Since 2004, more than 10,000 volunteers have served over 300,000 beneficiaries.

The Global Business Brigades Model

The in country team of GBB first identifies a community of maximum priority considering a set of factors including education, access to running water, health, socio-economic situation, environmental awareness, legal structures and whether or not other organizations have already a presence in the community. Then, the selected community becomes the focus of the business brigades coming to the country.

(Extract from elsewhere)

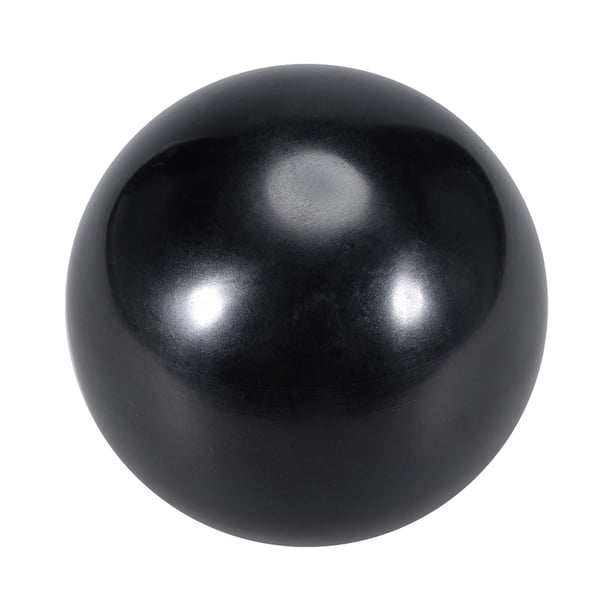 Uxcell M16 Rosca hembra 50mm Diámetro Perilla de bola de plástico negra 2 paquetes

In this way, GBB seeks the sustainability of the support being offered by creating long-term relationships and offering repeated brigades to the same community in search of economic development for the entire community.

In brief, the GBB model is as follows:

Selection of Target Beneficiaries:
 Under-resourced rural communities with limited access to formal financial institutions.
 Small agricultural producers with low profits.
 Small businesses
 Entrepreneurs among the community

Action Plan:
 Creating and supporting community based micro credit co-ops to introduce the community to basic business techniques and forms of support.
 Provide a seed capital to the co-op for it to start growing and serving as a way for small entrepreneurs to start or expand their businesses.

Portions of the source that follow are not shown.